I don't mean to be a snob, but sometimes I wonder if I fall into snobbery without thinking. For example, I know that Jeff Lemire is quite busy these days writing some superhero comics or other -- see, doesn't that sound condescending? but, really, I don't even know which of the Big Two he's writing for, let alone what characters he's handling, so I'm just being vague for lack of knowledge -- but I've never read any of that stuff. So the Jeff Lemire in my head is the one from his solo books, the writer/artist whose work is steeped in tragedy and whose male characters regularly have noses that exert their own gravitational pulls.
That's the "Jeff Lemire" I think of; the antecedent to anything I write about the books of his I read. But at least some of you are probably more familiar with his work on -- rushes off to another browser window to google it -- Animal Man, Justice League, or Green Arrow. So I want to apologize to you folks: I don't know anything about that Jeff Lemire. I suspect he's got the same tendencies, though they probably have to be sublimated when he's writing superhero punch-'em-ups. And my sweeping generalizations might not jibe with your memories of "Rotworld."

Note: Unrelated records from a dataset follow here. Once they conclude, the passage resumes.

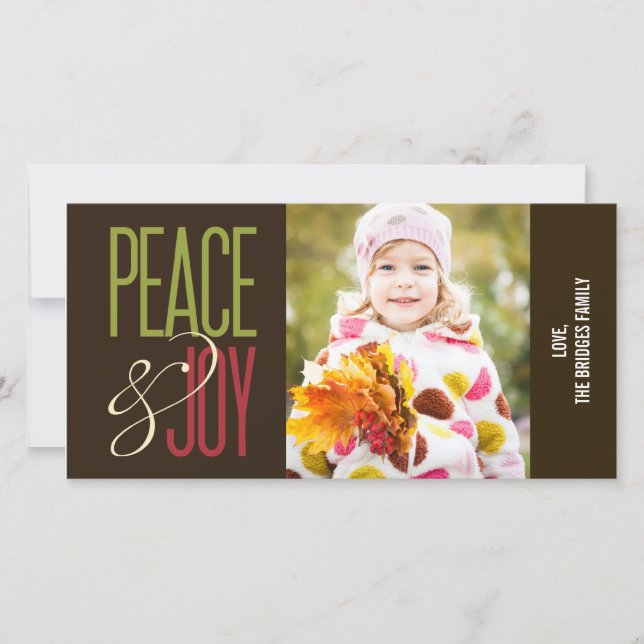 Peace & Joy Carte photo de vacances (Devant)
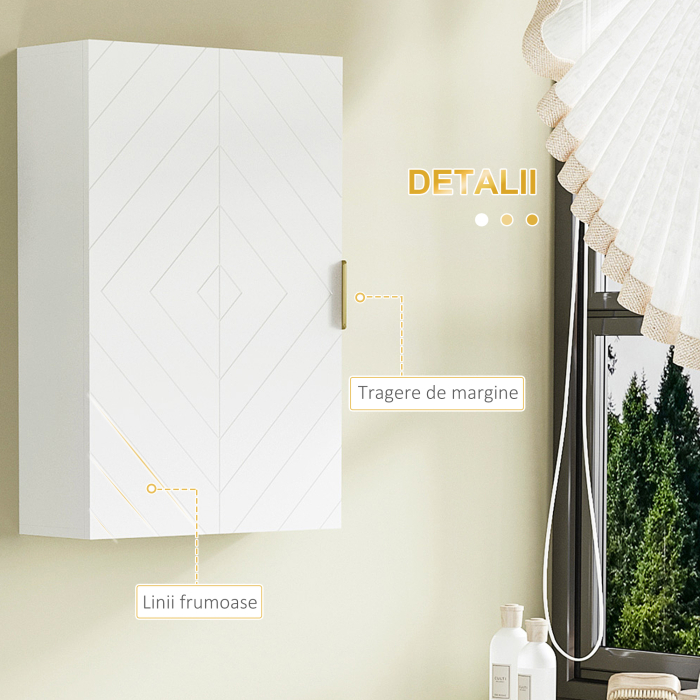 g Dulap suspendat pentru baie cu usa decorativa, maner auriu si rafturi reglabile, 40x15x60 cm, alb [6]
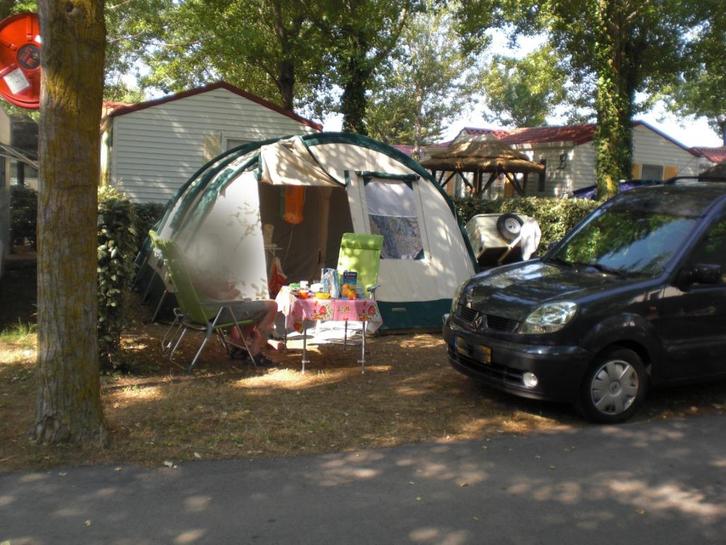 6 p tunneltent Obelink met toebehoren keuken en bagagewagen, Caravans en Kamperen, Tenten, tot en met 6, Zo goed als nieuw, Ophalen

With that out of the way...I finally got back to Lemire's first book, Lost Dogs, recently. It won him the Xeric Award, it was his first completed long story, and it set the tone for his solo work to follow: it's dark, both in the art and in the story. Darker than that, even -- darker than you're thinking, darker than you expect. This is a young man's story, steeped in ink and gloom and fatalism and death.
The fella on the cover never gets a name, but he's our hero: a big palooka who lives out in the sticks with his wife and daughter, running a farm, around a hundred years ago. One day, they come to the city, for a reason Lemire doesn't explain, and bad things start to happen. Bad things continue to happen throughout this shortish book: there's no happy endings for anyone here, and no happy middles, either. (The beginning was happy, of course, before our family took that journey to the city.)
Lemire's style was looser and inkier here than he got later: these pages are almost dripping black, with thick-lined grotesque figures lurching out of the general darkness of the backgrounds and the only contrasting color the red slashes of the stripes on the hero's shirt. As I said before, the story is equally dark: everything goes wrong for that hero, first quickly and entirely, and then in repeated new and unpleasant ways as the book goes on. Lemire got subtler later and learned more tricks, but that just means Lost Dogs is closer to pure Lemire: stabs of ink, each representing a new pain.